The album was a collection of songs, including covers of Don Henley‘s “Not Enough Love in This World,” Marc Cohn’s “Walking in Memphis,” and James Brown‘s “It’s a Man’s Man’s Man’s World,” along with two original songs, co-written by Cher and The Real People’s Anthony Griffiths, “One By One,” and “The Gunman, which she wrote with Paddy McAloon (Prefab Sprout).
At the time, then Warner UK president Rob Dickins asked Cher to release a dance album in the UK, which she refused. “So he said, ‘Let me rephrase that,’” she recalled. “‘I’m going to send you some songs—when you like them, tell me.’”
It’s a Man’s World peaked at No. 64 in the U.S. and reached the top 10 in the UK.
“Believe”
By the end of the ”90s, Cher was working on her 22nd album Believe, which went to No. 4 on the Billboard 200. The title track also topped the charts in 23 countries, including the U.S., and gave Cher, who was then 52, her fifth No. 1 hit.
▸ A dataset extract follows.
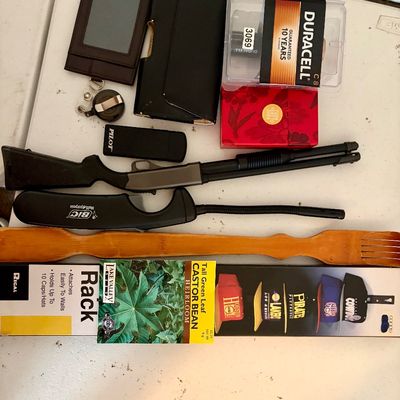 Sale Photo Thumbnail #379: Lot of miscellaneous items including a baseball cap rack, lighters, phone case, back scratcher, etc.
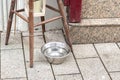 A metal water bowl stands outside, a street drinker for stray dogs and cats.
Regardless of its success, Cher didn’t initially connect to “Believe” and called its recording “a nightmare.” In Mark Bego’s 2001 book Cher: If You Believe, Cher revealed more from the experience and how she rewrote some of the lyrics to suit her better. “I was singing [the song] in the bathtub, and it seemed to me the second verse was too whiny,” said Cher. “It kind of pissed me off, so I changed it. I toughened it up a bit.”
She then wrote the lyrics It takes time to move on / It takes love to be strong / I’ve had time to think it through and maybe I’m too good for you but she never received songwriting credit on the track.
After arguing with producer Mark Taylor, Cher stormed out of Dreamhouse Studio in West London in the middle of recording “Believe.” Her vocals on the track were auto-tuned and became known as the “Cher Effect.”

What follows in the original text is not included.